▼▼▼

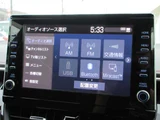 2021 Toyota Corolla Sport 1.8 Hybrid G Z Sedan for sale, Japanese used car export - photo 19 of 46 | GULJI TRADERS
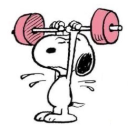 buffsnoopy custom emote - ୨ 🪄  /snoopys  𐙚　social　giveαwαys　decor　1OO+ guilds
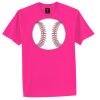 Sportage - Surf Tee Thumbnail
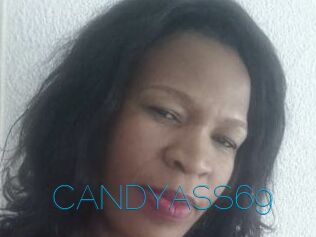 CANDYASS69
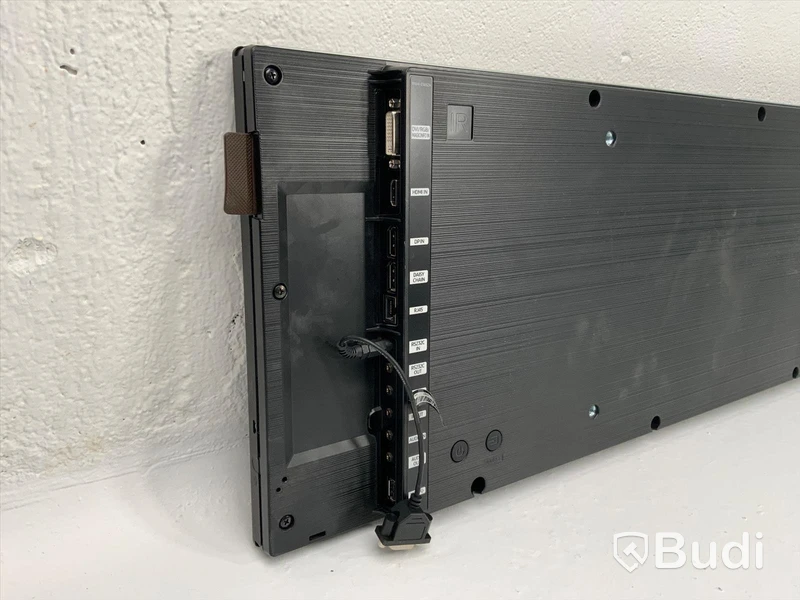 Samsung color display unit SH37F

▲▲▲

Reproduce the data above word for word, but leave the images out.

 2021 Toyota Corolla Sport 1.8 Hybrid G Z Sedan for sale, Japanese used car export - photo 19 of 46 | GULJI TRADERS
 buffsnoopy custom emote - ୨ 🪄  /snoopys  𐙚　social　giveαwαys　decor　1OO+ guilds
 Sportage - Surf Tee Thumbnail
 CANDYASS69
 Samsung color display unit SH37F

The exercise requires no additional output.